The current state of Turkey-EU relations falls short of this. Transactionalism allows both sides to manage crises, but it hasn’t generated the trust, predictability or strategic alignment needed for meaningful cooperation. Without addressing broader political issues, even the most promising initiatives will struggle to reach their full potential. 

Two factors largely explain this gap: the EU’s lack of clarity about Turkey’s role in Europe’s future and ongoing democratic backsliding in Turkey.  

But the EU can’t afford to maintain such ambiguity towards a country of such strategic importance. As a new European Parliament report suggests, the EU can be vocal about democracy and the rule of law in Turkey, while still advancing relations with a strategic vision. Doing this would also help restore the EU’s relevance. 

Turkey cannot simply be reduced to its current government, and the EU’s engagement can’t be held hostage by assuming that the political status quo is permanent.  

While the path to democratic change isn’t an easy one and the Turkish government’s increasing pressure on the opposition continues to raise concerns in Brussels, there are also some positive signs. The main opposition party’s strong stance on democracy, the continued popularity of the opposition’s presidential candidate, Ekrem İmamoğlu (despite his imprisonment) and sustained civic mobilisation regardless of mounting constraints all point towards possible democratic change. 

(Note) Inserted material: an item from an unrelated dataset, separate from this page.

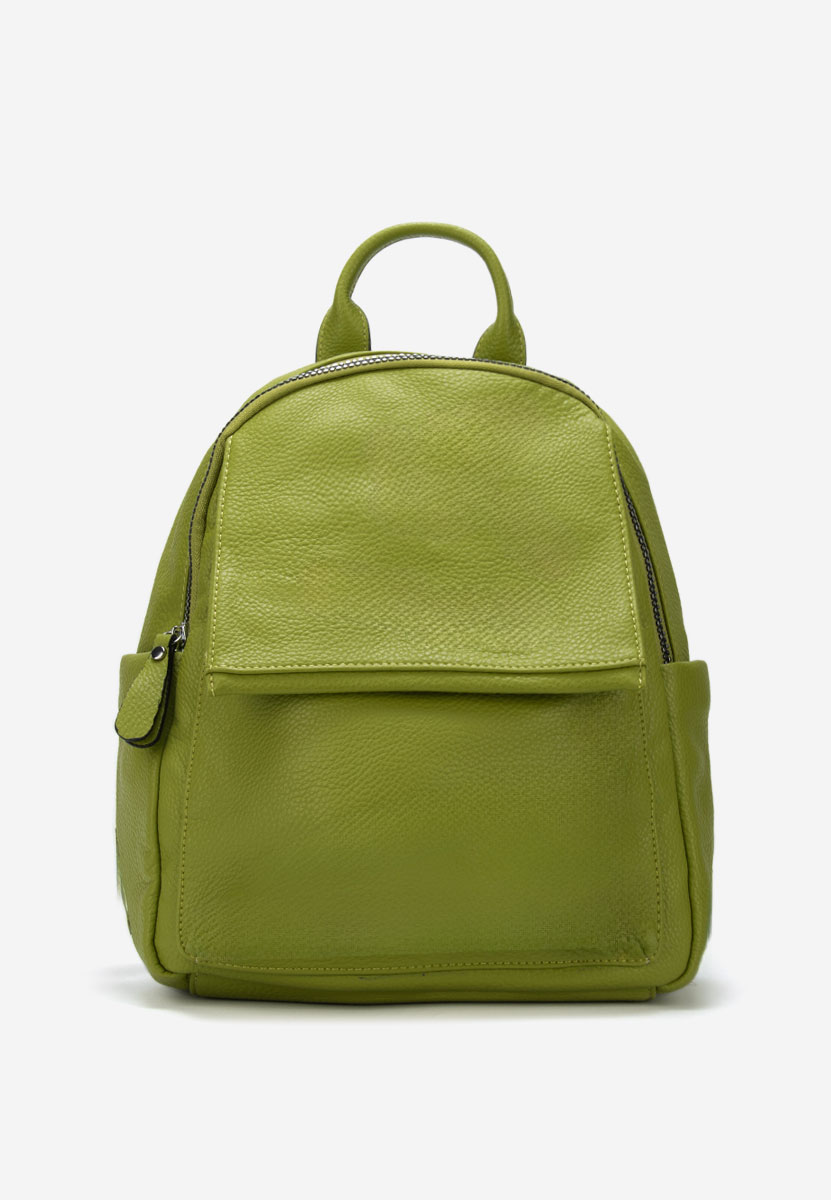 Aliyna zöld hátizsák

The main opposition party (the Republican People’s Party – CHP) has built a programme centred on restoring judicial independence, reinstating checks and balances, rebuilding civil space and freedoms, and re-energising the EU accession process. This isn’t a marginal position. Rather, it’s the programme of a party that won more votes than the governing alliance in the 2024 local elections. 

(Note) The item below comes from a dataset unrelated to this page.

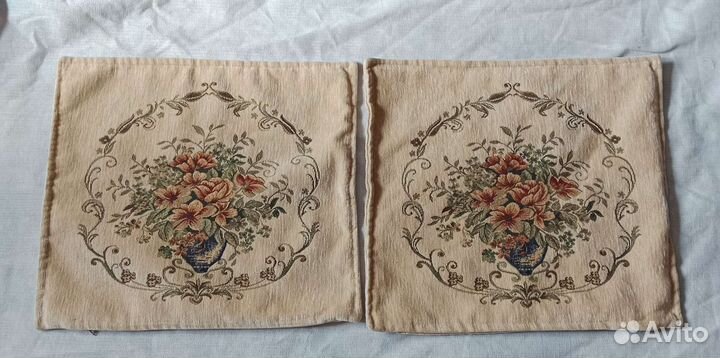 Гобеленовая наволочка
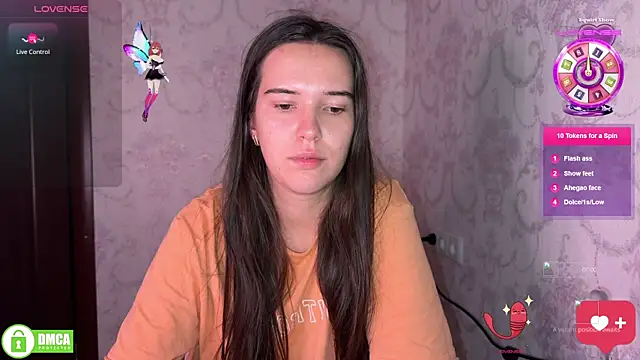 Snapshot of the_princese chatting on 11/13/25, 08:08 the princese online show from 11/13/25, 08:08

All this is why the EU shouldn’t remain silent. It should actively call for an end to politically motivated cases against the opposition, maintain close dialogue with opposition figures, and support civil society and independent media. 

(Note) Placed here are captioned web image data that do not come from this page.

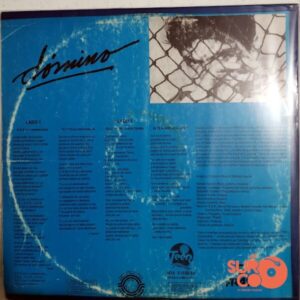 Disco de Vinilo Domino - Domino Vinyl Record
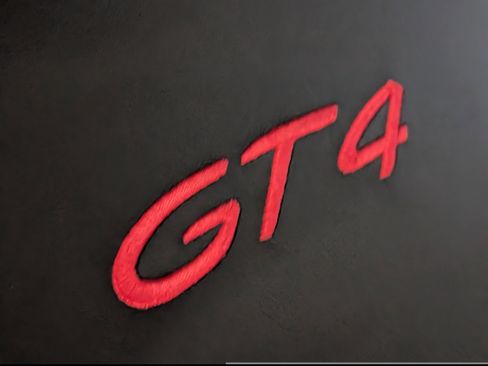 Certified 2023 Porsche 718 Cayman GT4 RWD image 27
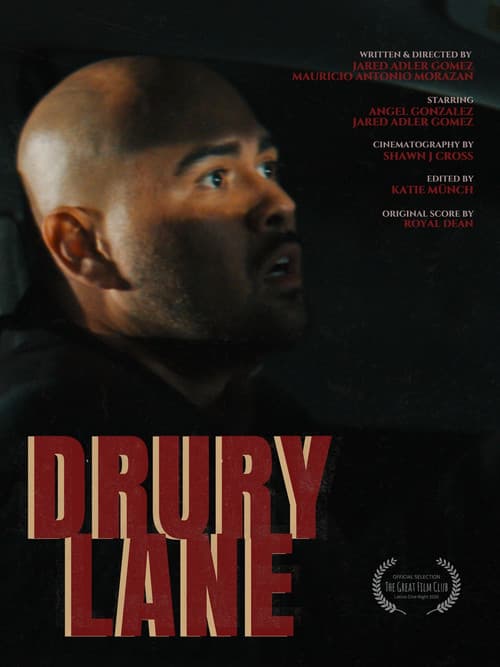 Drury Lane (2026) poster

A new vision for Turkey-EU relations

The Turkey-EU transactional model has reached its limits and that’s why the EU needs to develop a new vision for its relationship with Turkey.  

While accession prospects should be preserved and reaffirmed, the relationship should evolve into a transparent framework outlining possible pathways, supported by clear benchmarks and a realistic appraisal of future potential. The ongoing enlargement debates, particularly regarding Ukraine, could also offer useful reference points. 

The priorities are now less about revisiting the technical details of accession and more about resetting a strategic direction. This means reaffirming Turkey’s status, even if negotiations remain frozen, emphasising a long-term perspective, and re-energising high-level political dialogues based on mutual interests and shared values rather than narrow transactional exchanges. It also requires setting well-defined and credible benchmarks for progress.  

While major reforms and returning to the accession process may not be feasible for now, such a framework could still spur progress and restore the EU’s relevance in Turkey. This includes updating the customs union in its scope and rules in line with current realities and the principle of fairness. There could be more structured Turkish participation in the European security architecture and more sustainable, values-based cooperation in areas such as migration, connectivity, energy security and critical raw materials. 

Moving beyond the increasingly unconvincing ‘partner’ discourse, such a vision would also send a clear signal to millions in Turkey who support a democratic and European future. By offering a credible prospect, it could help prepare the ground for normalising relations when Turkey does return to a path of democracy. 

This approach is consistent with the phased, proportionate and reversible framework endorsed by the European Council in June 2021. However, rather than remaining an ambiguous formula, it should be translated into a coherent strategy with well-defined stages.  

If the EU’s truly serious about Turkey’s potential role in advancing its strategic autonomy – including in the field of European defence – such a structured and forward-looking approach is no longer optional… but necessary.